== The problem ==
Please work out how many lines include the word "Heart" in the entries, and reply with only the count.

(Records from a data source)
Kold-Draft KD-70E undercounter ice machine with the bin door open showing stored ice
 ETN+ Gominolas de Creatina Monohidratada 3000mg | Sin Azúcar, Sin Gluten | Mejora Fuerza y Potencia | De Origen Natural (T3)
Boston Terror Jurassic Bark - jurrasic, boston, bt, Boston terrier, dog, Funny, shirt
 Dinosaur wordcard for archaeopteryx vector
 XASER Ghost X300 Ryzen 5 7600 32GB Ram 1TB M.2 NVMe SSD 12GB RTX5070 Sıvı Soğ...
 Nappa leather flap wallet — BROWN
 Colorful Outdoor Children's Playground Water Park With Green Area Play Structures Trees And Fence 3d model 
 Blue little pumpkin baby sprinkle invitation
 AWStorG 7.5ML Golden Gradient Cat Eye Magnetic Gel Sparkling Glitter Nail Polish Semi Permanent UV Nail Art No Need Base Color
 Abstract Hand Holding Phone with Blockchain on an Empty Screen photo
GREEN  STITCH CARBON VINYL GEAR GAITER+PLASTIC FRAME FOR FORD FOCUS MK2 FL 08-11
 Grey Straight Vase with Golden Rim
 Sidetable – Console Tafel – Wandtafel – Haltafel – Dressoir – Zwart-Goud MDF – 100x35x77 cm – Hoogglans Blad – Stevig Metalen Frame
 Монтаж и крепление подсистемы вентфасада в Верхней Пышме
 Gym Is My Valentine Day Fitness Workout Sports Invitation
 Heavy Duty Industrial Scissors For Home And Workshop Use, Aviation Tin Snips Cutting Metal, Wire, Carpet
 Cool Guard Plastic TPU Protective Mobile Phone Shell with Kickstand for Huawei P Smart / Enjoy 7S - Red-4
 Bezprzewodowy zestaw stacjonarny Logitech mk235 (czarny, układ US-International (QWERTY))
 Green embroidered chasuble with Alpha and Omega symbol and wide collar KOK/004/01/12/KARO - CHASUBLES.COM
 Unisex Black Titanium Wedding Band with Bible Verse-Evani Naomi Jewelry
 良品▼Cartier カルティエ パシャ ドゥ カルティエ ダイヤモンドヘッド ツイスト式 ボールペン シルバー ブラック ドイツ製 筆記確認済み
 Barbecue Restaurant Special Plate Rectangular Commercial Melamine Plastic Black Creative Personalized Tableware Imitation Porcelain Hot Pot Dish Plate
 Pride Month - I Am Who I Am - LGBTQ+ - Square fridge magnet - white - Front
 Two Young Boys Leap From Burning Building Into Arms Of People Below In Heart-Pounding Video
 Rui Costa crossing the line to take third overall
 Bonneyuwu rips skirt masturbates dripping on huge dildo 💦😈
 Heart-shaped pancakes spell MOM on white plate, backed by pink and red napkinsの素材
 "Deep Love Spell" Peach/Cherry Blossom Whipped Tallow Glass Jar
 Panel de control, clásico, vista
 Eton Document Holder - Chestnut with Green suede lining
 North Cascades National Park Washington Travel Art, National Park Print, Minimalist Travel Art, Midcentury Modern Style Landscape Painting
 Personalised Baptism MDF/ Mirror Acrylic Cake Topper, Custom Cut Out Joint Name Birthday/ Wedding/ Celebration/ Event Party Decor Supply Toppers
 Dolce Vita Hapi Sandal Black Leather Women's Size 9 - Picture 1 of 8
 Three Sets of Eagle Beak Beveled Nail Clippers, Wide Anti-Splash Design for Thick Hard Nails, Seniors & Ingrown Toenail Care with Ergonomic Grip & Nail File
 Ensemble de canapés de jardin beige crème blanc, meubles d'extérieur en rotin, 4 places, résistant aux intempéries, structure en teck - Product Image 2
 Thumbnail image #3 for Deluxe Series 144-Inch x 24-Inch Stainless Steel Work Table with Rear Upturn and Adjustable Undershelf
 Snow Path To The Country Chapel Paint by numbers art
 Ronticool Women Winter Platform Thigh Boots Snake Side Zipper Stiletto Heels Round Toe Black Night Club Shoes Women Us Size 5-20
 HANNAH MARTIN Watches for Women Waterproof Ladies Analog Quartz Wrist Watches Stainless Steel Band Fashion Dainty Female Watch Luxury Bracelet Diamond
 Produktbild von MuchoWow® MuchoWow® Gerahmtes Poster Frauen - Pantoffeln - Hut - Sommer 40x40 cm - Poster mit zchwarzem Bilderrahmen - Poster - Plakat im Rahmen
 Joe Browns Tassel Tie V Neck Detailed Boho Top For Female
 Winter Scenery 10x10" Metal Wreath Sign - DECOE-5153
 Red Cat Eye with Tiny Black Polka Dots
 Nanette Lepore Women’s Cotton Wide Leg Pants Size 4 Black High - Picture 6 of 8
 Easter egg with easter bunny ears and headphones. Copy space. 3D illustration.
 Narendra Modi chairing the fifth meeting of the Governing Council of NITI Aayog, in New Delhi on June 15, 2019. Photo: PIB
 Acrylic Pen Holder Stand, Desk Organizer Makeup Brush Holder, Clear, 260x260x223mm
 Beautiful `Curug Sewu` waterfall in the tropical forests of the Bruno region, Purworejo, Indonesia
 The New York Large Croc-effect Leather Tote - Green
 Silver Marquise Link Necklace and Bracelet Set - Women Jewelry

== Your solution ==
2